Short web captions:
- - - - - - -
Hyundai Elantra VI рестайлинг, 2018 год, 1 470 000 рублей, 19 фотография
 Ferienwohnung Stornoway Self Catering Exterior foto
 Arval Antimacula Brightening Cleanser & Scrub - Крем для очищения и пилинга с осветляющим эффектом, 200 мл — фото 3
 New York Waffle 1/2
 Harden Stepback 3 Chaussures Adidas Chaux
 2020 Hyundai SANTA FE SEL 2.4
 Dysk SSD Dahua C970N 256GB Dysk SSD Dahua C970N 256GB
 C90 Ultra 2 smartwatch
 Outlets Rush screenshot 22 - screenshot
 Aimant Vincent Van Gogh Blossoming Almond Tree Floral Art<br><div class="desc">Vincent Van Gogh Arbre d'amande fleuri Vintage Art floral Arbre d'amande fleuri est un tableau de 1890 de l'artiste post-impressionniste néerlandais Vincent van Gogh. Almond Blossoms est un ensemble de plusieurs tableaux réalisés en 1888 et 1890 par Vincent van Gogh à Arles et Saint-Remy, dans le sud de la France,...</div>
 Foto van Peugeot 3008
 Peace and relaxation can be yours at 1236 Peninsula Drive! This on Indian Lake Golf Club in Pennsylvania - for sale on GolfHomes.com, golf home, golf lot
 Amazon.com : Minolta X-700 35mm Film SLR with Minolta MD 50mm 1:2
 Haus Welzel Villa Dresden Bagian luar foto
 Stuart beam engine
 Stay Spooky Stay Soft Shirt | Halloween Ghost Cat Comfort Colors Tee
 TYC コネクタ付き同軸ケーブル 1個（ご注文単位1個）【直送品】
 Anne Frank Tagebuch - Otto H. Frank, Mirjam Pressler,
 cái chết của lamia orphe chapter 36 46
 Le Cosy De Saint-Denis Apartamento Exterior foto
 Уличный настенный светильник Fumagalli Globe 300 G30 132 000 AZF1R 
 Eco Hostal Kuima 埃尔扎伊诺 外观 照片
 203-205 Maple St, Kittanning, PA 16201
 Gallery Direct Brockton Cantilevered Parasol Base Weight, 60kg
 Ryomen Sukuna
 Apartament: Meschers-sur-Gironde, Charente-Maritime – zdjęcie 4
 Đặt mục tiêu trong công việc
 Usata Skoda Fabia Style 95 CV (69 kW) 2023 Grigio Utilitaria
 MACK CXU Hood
- - - - - - -
Your job is to print exactly the lines that run from the top of the entries through the line with "Outlets Rush screenshot 22 - screenshot", and no others.

Hyundai Elantra VI рестайлинг, 2018 год, 1 470 000 рублей, 19 фотография
 Ferienwohnung Stornoway Self Catering Exterior foto
 Arval Antimacula Brightening Cleanser & Scrub - Крем для очищения и пилинга с осветляющим эффектом, 200 мл — фото 3
 New York Waffle 1/2
 Harden Stepback 3 Chaussures Adidas Chaux
 2020 Hyundai SANTA FE SEL 2.4
 Dysk SSD Dahua C970N 256GB Dysk SSD Dahua C970N 256GB
 C90 Ultra 2 smartwatch
 Outlets Rush screenshot 22 - screenshot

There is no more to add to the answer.